En comparant ces portraits, je me disais que les deux plus terribles inégalités qui séparent les riches et les pauvres sont d’une part l’espérance de vie, d’autre part l’expression du regard, tant celle des intellectuels et artistes reflétait de passion ou de malice, alors que celle des pauvres reflétait la tristesse et l’impuissance face à leur destin. Ces photos d’inconnus de l’Ouest américain ont d’ailleurs fait scandale tant elles ont mis l’Amérique face à sa misère sociale. Certains des sujets photographiés ont réagi violemment, l’un en changeant immédiatement de métier, l’autre, belle et dynamique jeune fille, bien différente de celle qui apparaît sur la photo, en apostrophant Richard Avedon : « Ca ne me ressemble pas, ce n’est pas moi du tout ». Réflexion qu’on se fait souvent en se voyant soi-même en photo. A laquelle Avedon répond avec superbe : "Un portrait n'est pas une ressemblance. A partir du moment où une émotion ou un fait devient photographie, ce n'est plus un fait mais une opinion. La notion d'inexactitude n'existe pas pour un photographe. Toutes les photographies sont exactes ; aucune n'est vraie."

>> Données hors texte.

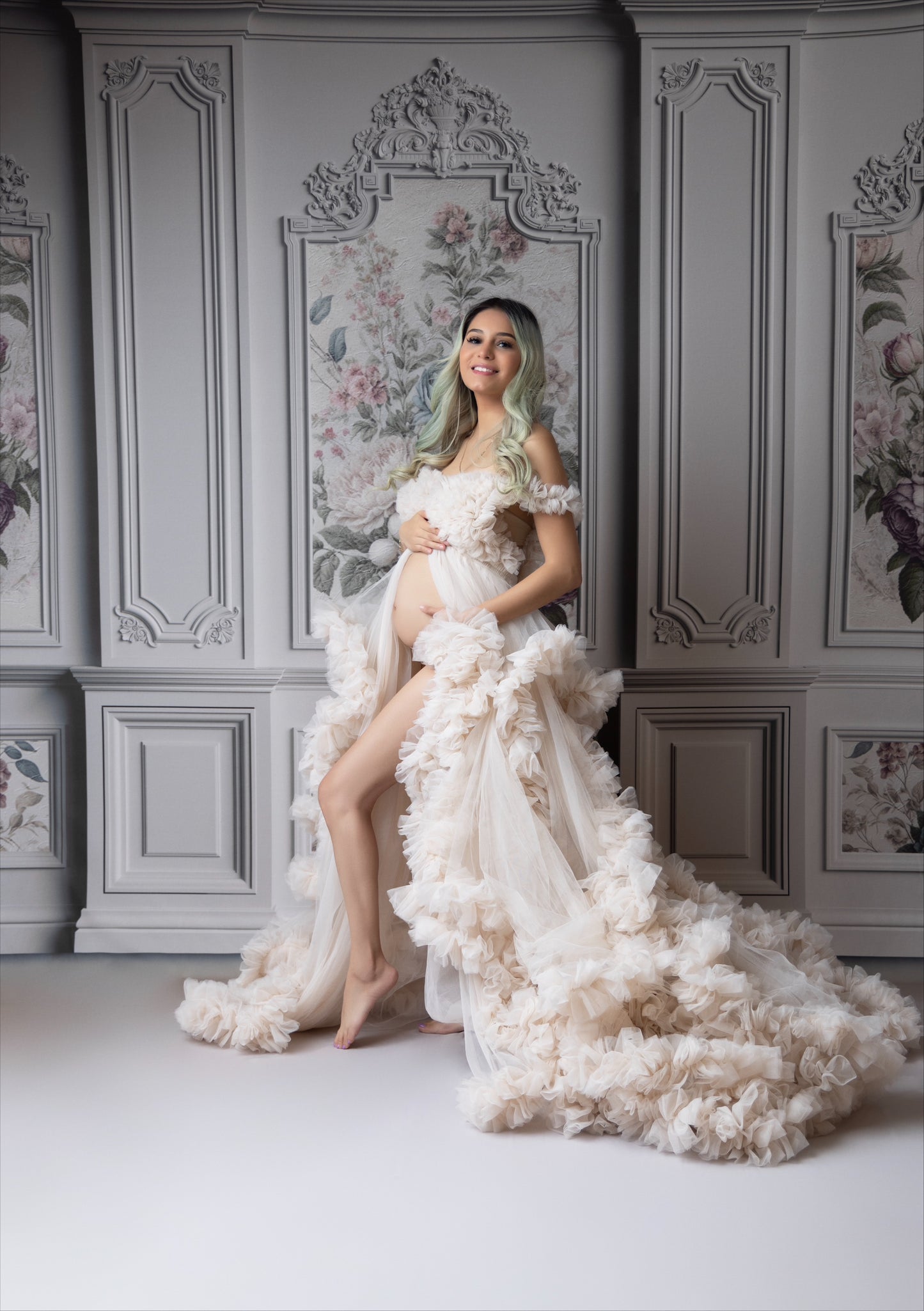 Ivory Floral Victorian Wall - With Sweep Option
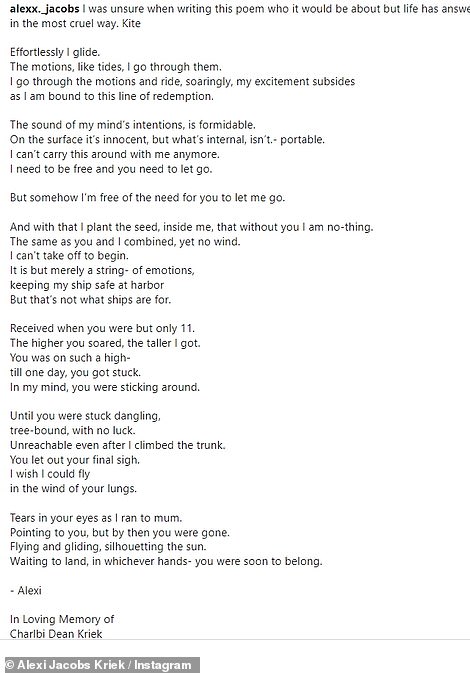 Alexi had written a poem, unaware about who it would be about, but 'life has answered my question in the most cruel way' as he posted it on Instagram in his sister's memory on Tuesday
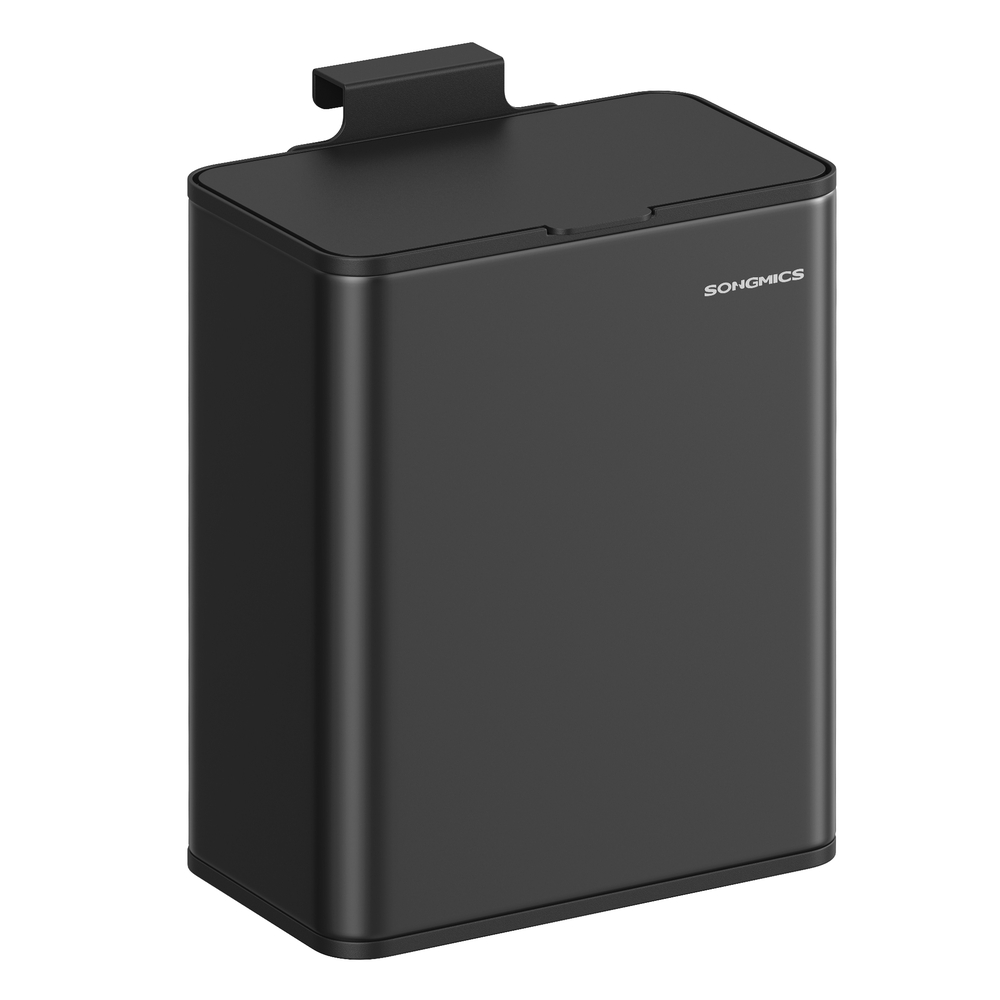 8 L Hanging Steel Kitchen Bin with Hooks Ink Black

Ce qui intéresse l’artiste, ce sont les contradictions et les paradoxes que chacun s'acharne à enfouir. Ainsi a-t-il saisi la fêlure de Marylin Monroe. Il raconte dans le film qui complète l’exposition[1] que l’actrice lui a d’abord fait un « numéro de Marylin », puis, épuisée par sa prestation, a eu soudain cette expression de lassitude qui transparaît dans la photo et laisse entrevoir la fin tragique de la jeune femme.
La photo, en somme, serait la conjugaison de l’émotion du sujet et du pouvoir du photographe. Mais il y a plus. Je suis allée voir cette exposition avec un ami, qui n’a pas perçu la tristesse des anonymes comme je l’ai ressentie. Il les a trouvé plus rustiques et brutaux que malheureux… J’ai une sensibilité politique plus sociale que la sienne.

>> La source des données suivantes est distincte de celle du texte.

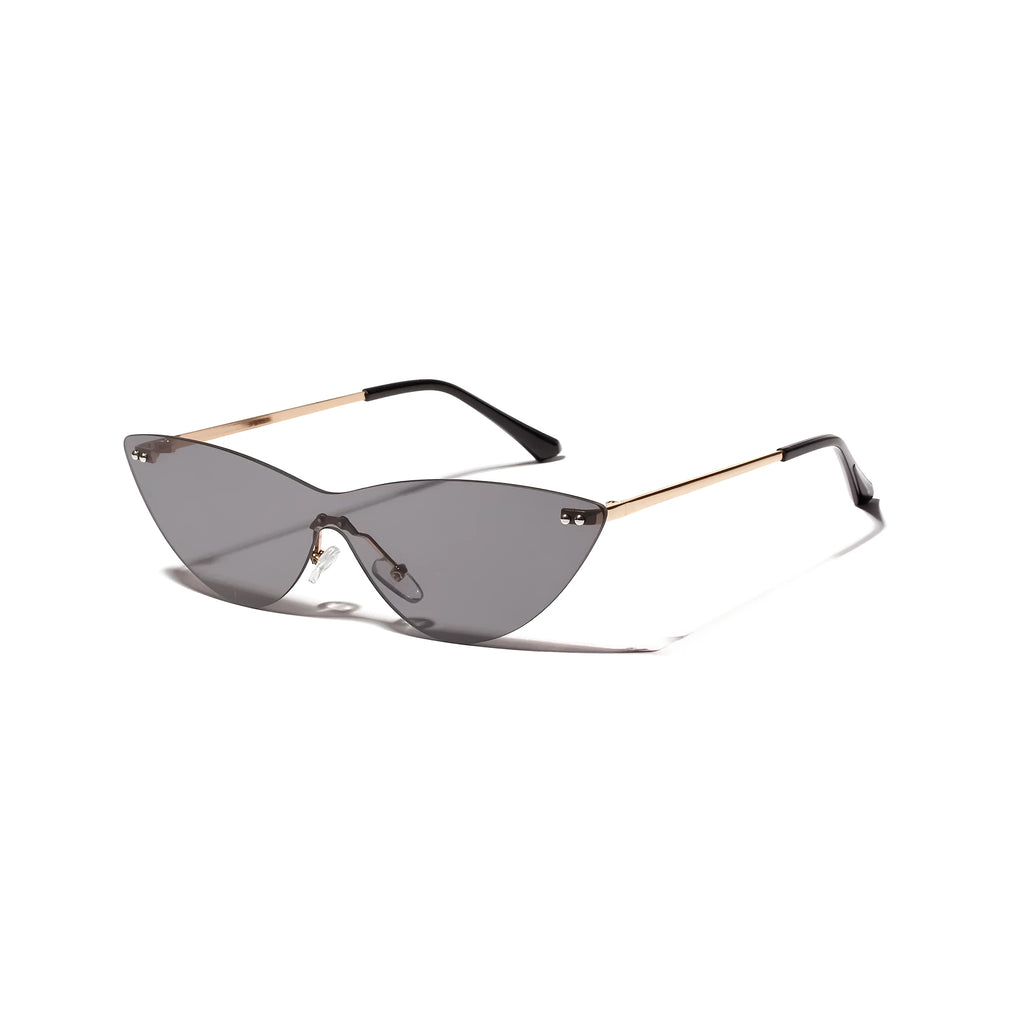 Brown vintage-style metal frame sunglasses with polarised lenses on a plain background.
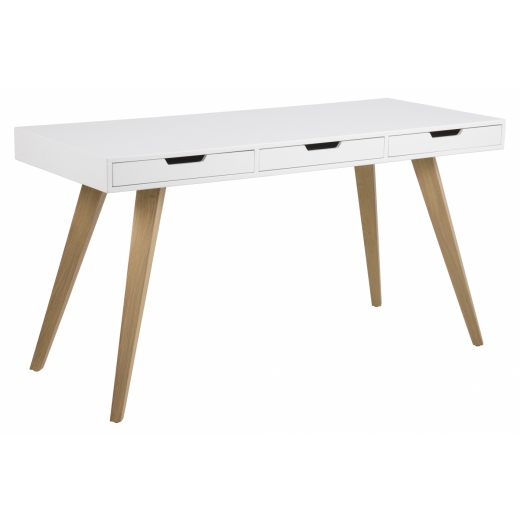 Pracovný stôl Estelle, 142 cm, MDF, biela - 1
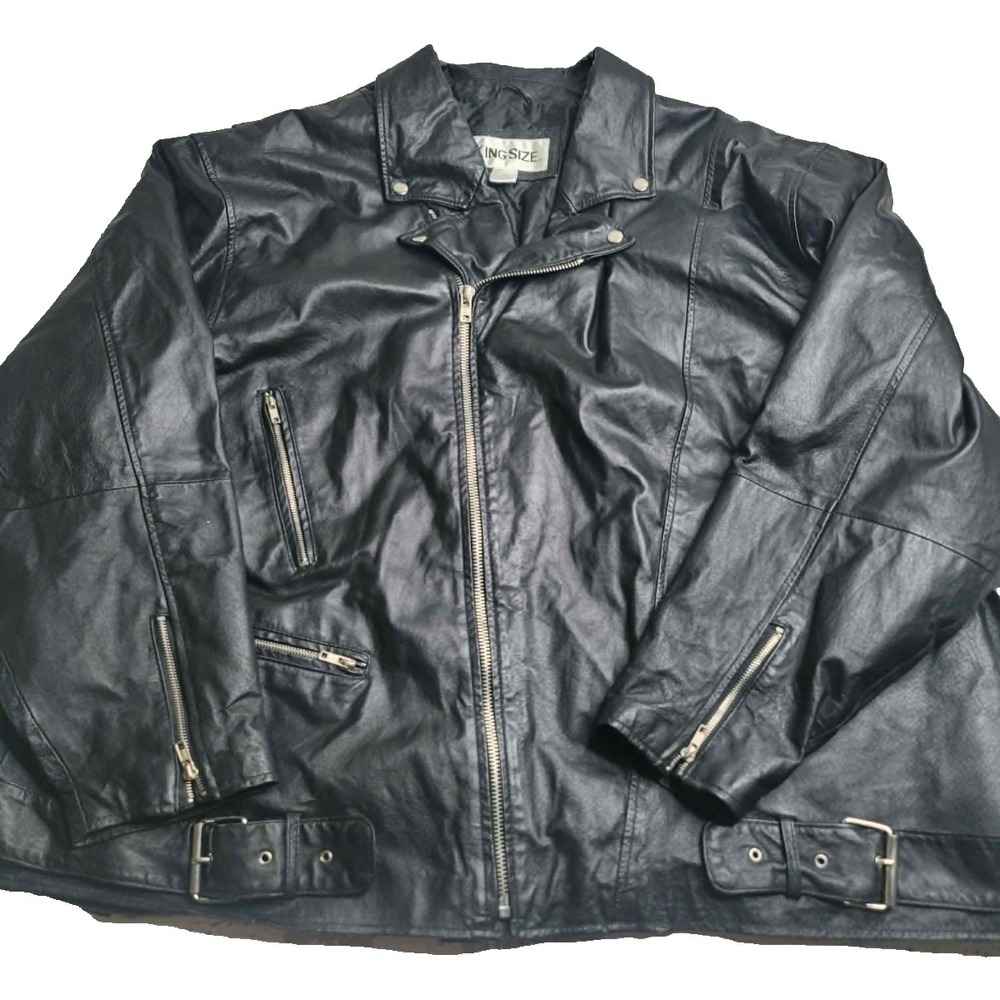 King Size Leather Jacket Biker Men's‎ 5XL Black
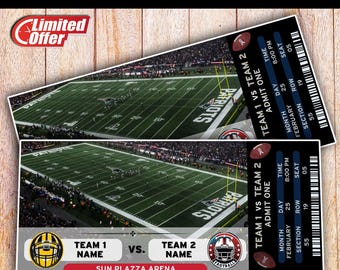 Boleto físico laminado personalizado para partido de fútbol, boleto sorpresa deportivo temático, boleto de fútbol navideño, regalo sorpresa de recuerdo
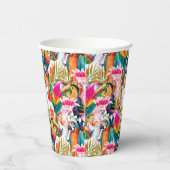 Papageien & Palm-Blätter Pappbecher (Rechts)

La photo, que l’on croit objective à travers l’objectif, dépend donc de trois regards subjectifs : ceux du modèle, du photographe et du spectateur. Qui dit subjectif dit émotionnel. C’est peut-être pourquoi notre époque abreuvée d’images beaucoup plus que de mots ou de réflexion sombre dans le culte de l’émotionnel et de la réactivité à court terme.
[1] A voir absolument : le narcissisme exacerbé de Avedon dissimule, lui aussi une fêlure, celle des rapports avec son père, juif d’origine russe, dont il ne s’est pas senti aimé.